3. Faites bouillir une grande casserole d’eau salée. Moulez les quenelles une à une comme expliqué ci-dessus par Michel Porfido, avec deux cuillères à soupe assez creuses. Evidemment, c’est un savoir-faire qui ne s’apprend pas du jour au lendemain, et il est possible que vos quenelles ressemblent plus à des grosses patates qu’à des quenelles bien lisses. Laissez glisser les quenelles dans l’eau bouillante. Laissez-les cuire une quinzaine de minutes, elles vont gonfler et remonter à la surface.
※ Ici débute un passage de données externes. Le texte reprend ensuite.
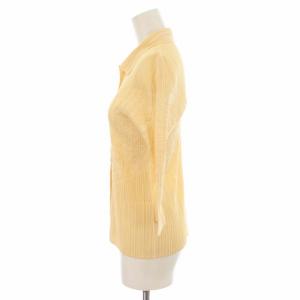 PLEATS PLEASE ISSEY MIYAKE イッセイ ミヤケ シャツ ブラウス ステンカラー エンボス加工 柄 プリーツ 七分袖 3 L アイボリー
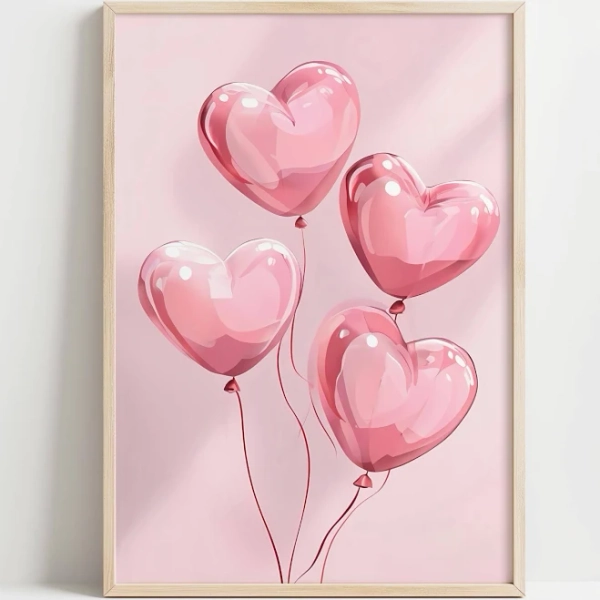 Pink Hearts print Room decor for teen girl Cute Nursery Wall Art Heart Ballons wall art Pastel Preppy Poster Trendy girly Dorm Room Decor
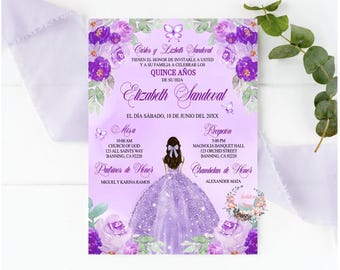 Invitación XV impresa en tamaño 5x7". Sobres blancos incluidos.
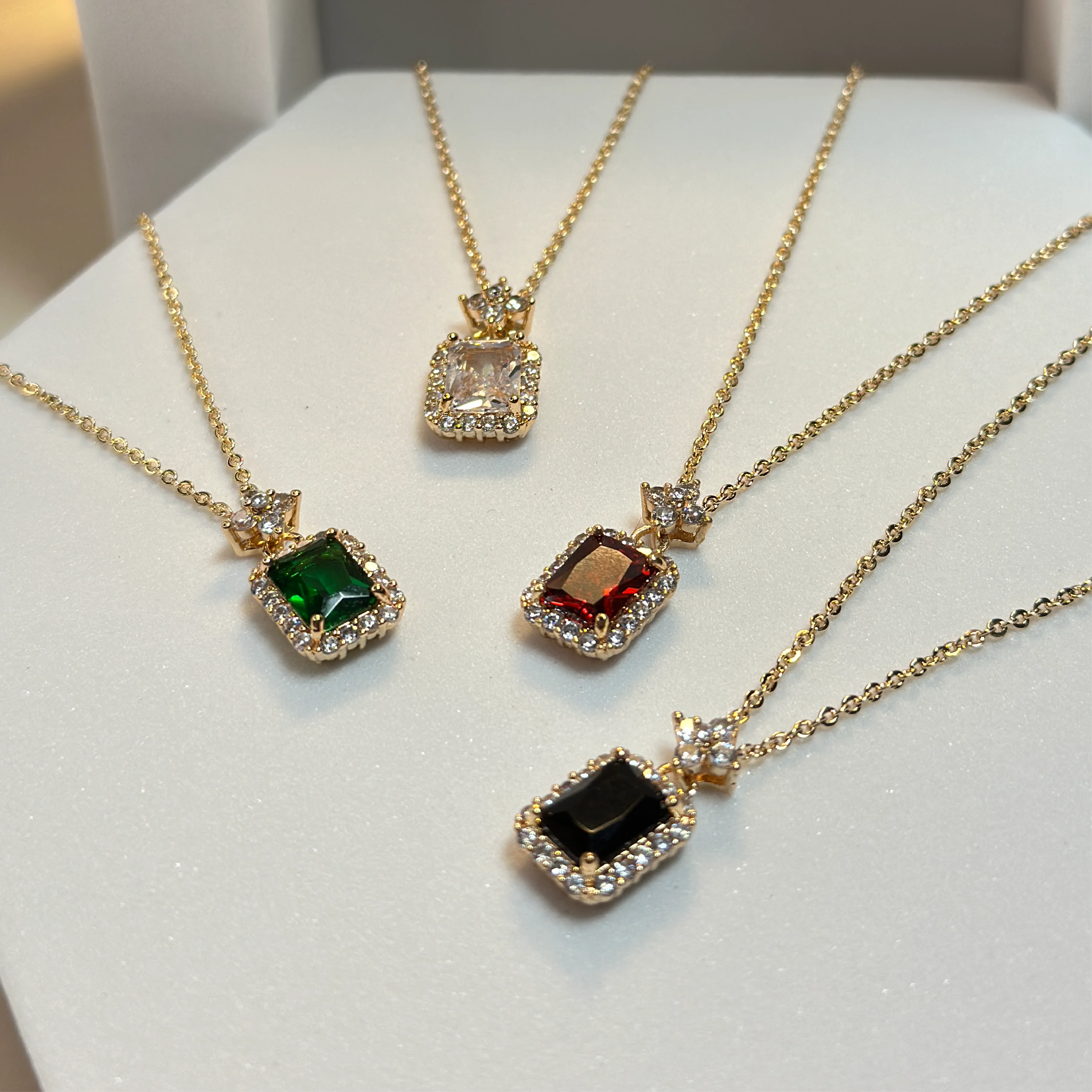 Golden Block Charm Pendant Necklace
4. Reprenez les quenelles avec une écumoire, égouttez-les bien et déposez-les dans un plat à gratin, bien espacées. Recouvrez tout ça d’une couche généreuse de sauce béchamel (ou Nantua si vous préparez des quenelles de poisson), et glissez le tout au four à 200°C pour une bonne dizaine de minutes. Et mangez vos quenelles immédiatement.

Si vous n'avez pas le courage de vous lancer dans la confection délicate des quenelles, d’autres s’en chargeront pour vous. Marjorie, de Faim de Lyon, conseille de tester, dans sa ville, «la maison Sibilia, très connue pour ses cochonailles, les restaurants Chez Daniel et Denise, qui font une quenelle aérienne, légère, pas du tout bourrative, ou encore le Café du Peintre».

Aujourd’hui la quenelle est largement réinventée par les chefs et les fabricants (la Maison Giraudet a par exemple ouvert des «bars à quenelles»). Et la quenelle se mondialise. La maison Malartre a ainsi décidé d’exporter son produit phare au Brésil. Dans tous les cas, elle reste un plat simple, fabriqué avec des produits de base: avec son air rondelet et généreux, la vraie quenelle inspire simplement une sorte de bonhomie gastronomique.